PROMPT:
Set down the listing exactly as given, minus images.

DATASET EXTRACT:
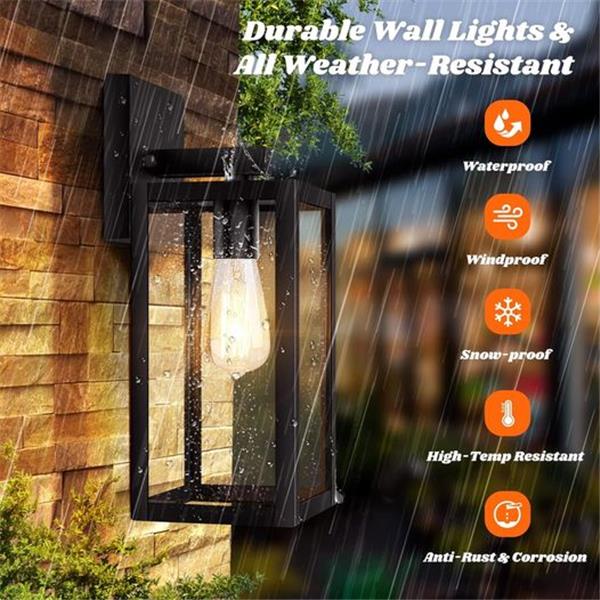 2-Pack Outdoor Light Fixtures Wall Mount, Waterproof Exterior Wall Lanterns with Clear Glass, A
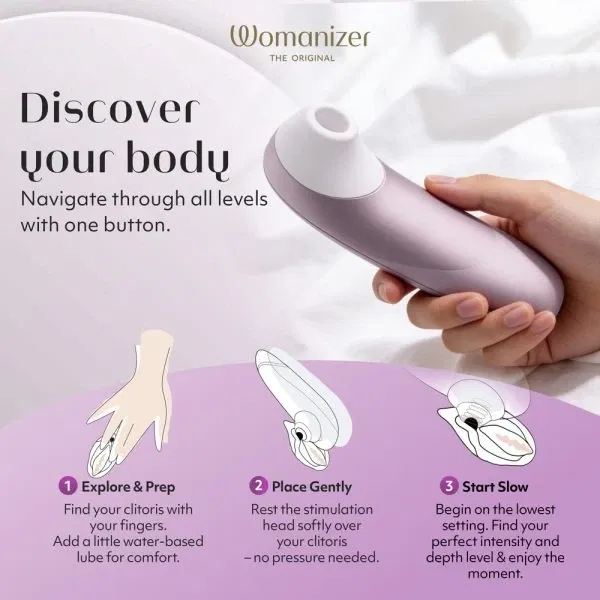 Womanizer Pro Lilac – Leiser Klitoris-Stimulator mit 11 Intensitätsstufen, wasserdicht & wiederaufladbar
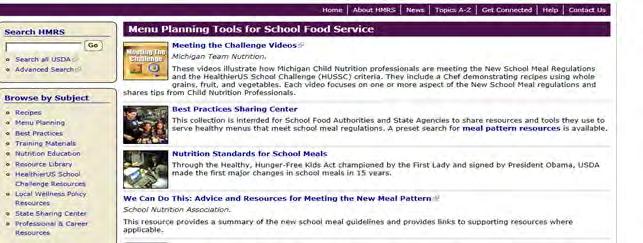 Menu Planning Tools for Schools http://healthymeals.nal.usda.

ANSWER TO THE EXERCISE:
 2-Pack Outdoor Light Fixtures Wall Mount, Waterproof Exterior Wall Lanterns with Clear Glass, A
 Womanizer Pro Lilac – Leiser Klitoris-Stimulator mit 11 Intensitätsstufen, wasserdicht & wiederaufladbar
 Menu Planning Tools for Schools http://healthymeals.nal.usda.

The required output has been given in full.